Australia’s tourism sector went from strength to strength in 2016, recording yet another huge increase in short-term visitor arrivals.
According to data released by the ABS on Monday, short-term arrivals grew by 0.6% to 706,900 in December in seasonally adjusted terms, some 6.8% higher than the levels of December 2015.
That left total arrivals in 2016 at a whopping 8.2412 million, up 788,300, or 10.6%, on the numbers of a year earlier.
Given the continued growth, it’s perhaps unsurprising that the annual figure was the highest on record.
That’s good news for Australia, delivering a much needed economic windfall to the Australian economy at a time when other sectors have been struggling.

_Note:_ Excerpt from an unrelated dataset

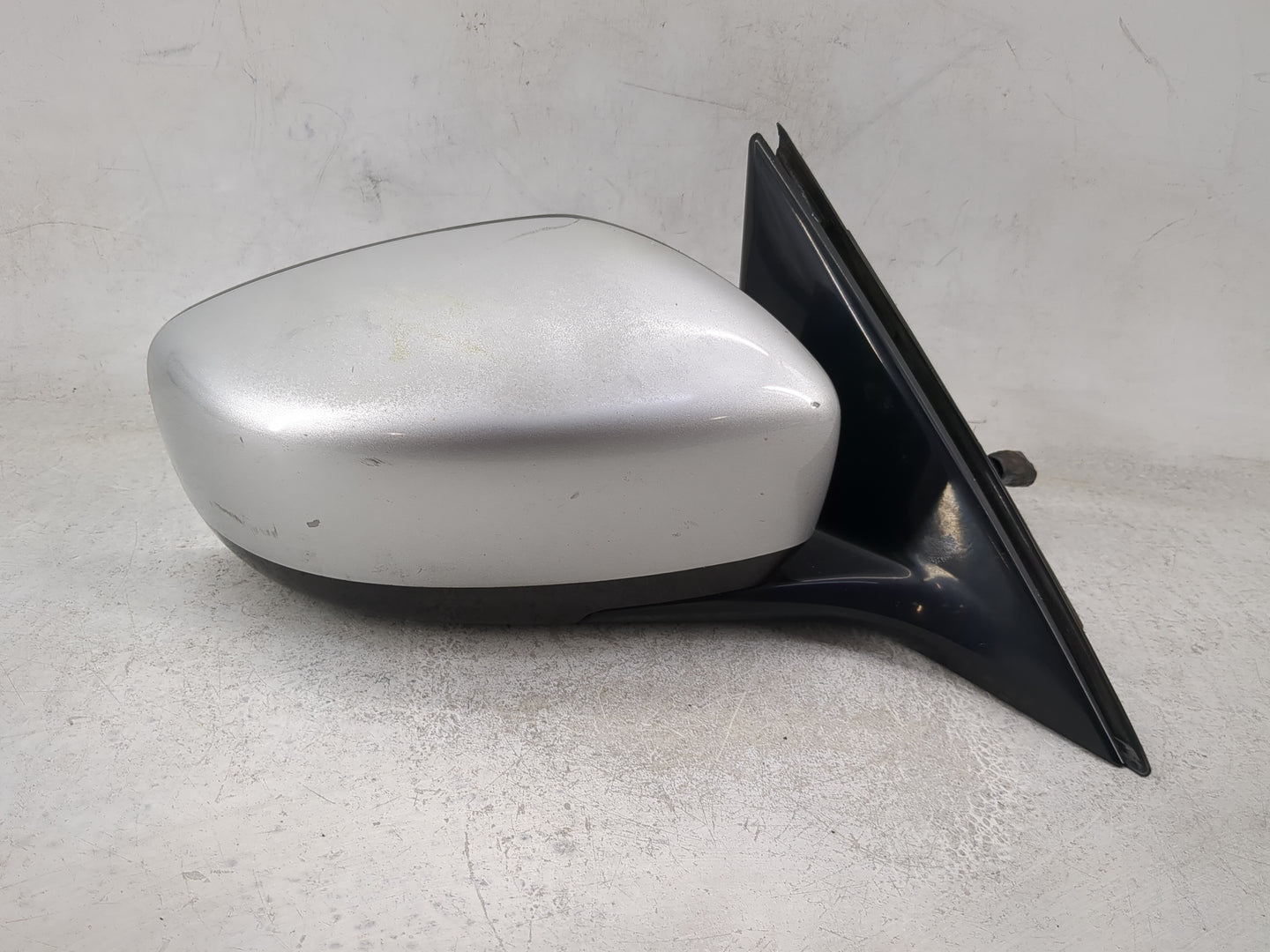 2009-2013 Infiniti G37 Passenger Side View Mirror - Right Door Mirror OEM Used - Oemusedautoparts1.com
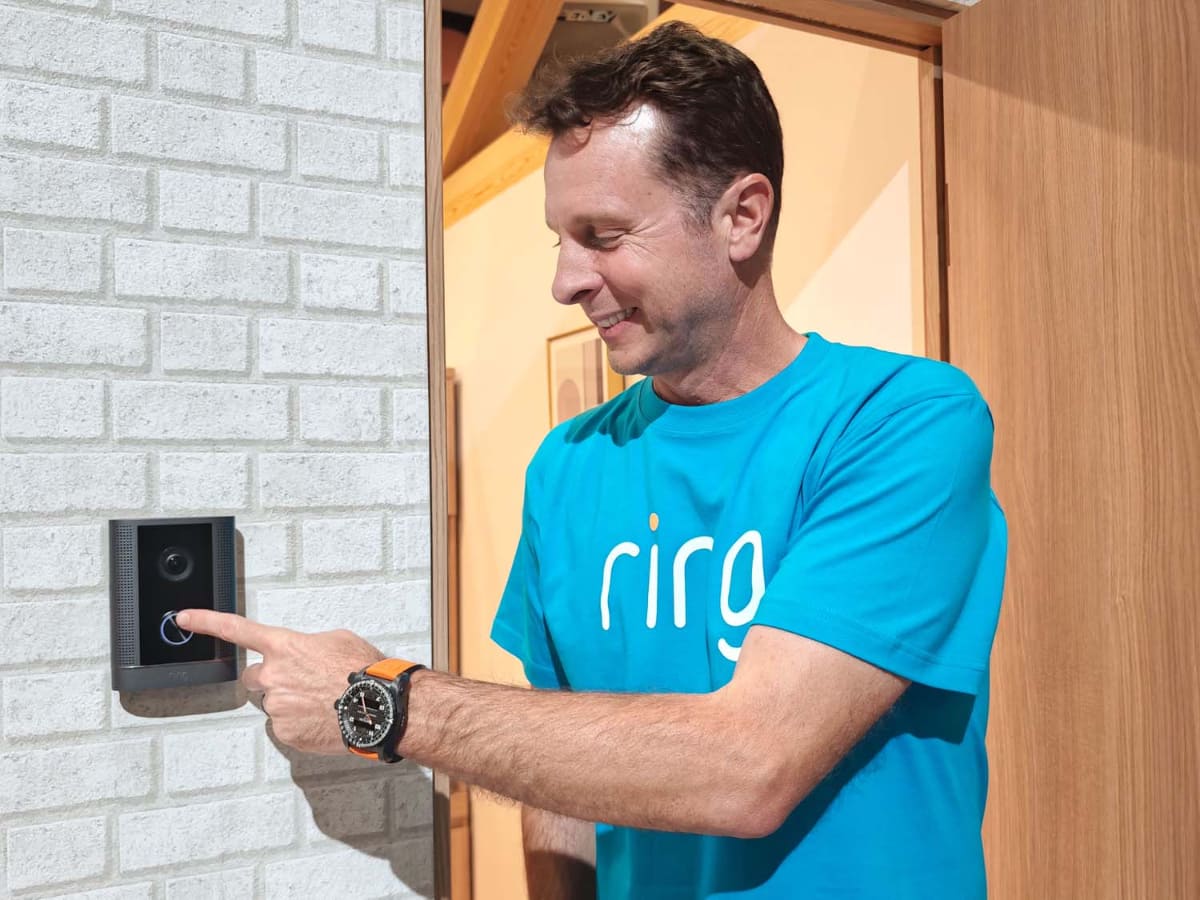 「Ring 防犯ドアホン プロ」を押すシミノフ氏。サイズは日本規格だ。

And while arrivals from other major markets have improved over the past year — aided by past weakness in the Australian dollar — a fair chunk of the growth recorded in total short-term arrivals last year came from one nation in particular: China.
Including arrivals from Hong Kong, short-term visitors from China swelled to 1.4566 million in 2016, the highest number on record.
That was up 15.1% on the levels of 2015, or a massive 190,900. Put another way, 24.2% of the total increase reported last year came from Australia’s largest trading partner.
Yet another reminder that Australia’s trade relationship with China now goes far beyond commodity exports such as iron ore and coal.
China is now the largest source of short-term arrivals by some margin, displacing New Zealand for that title earlier in the year, and the numbers are only continuing to surge at present.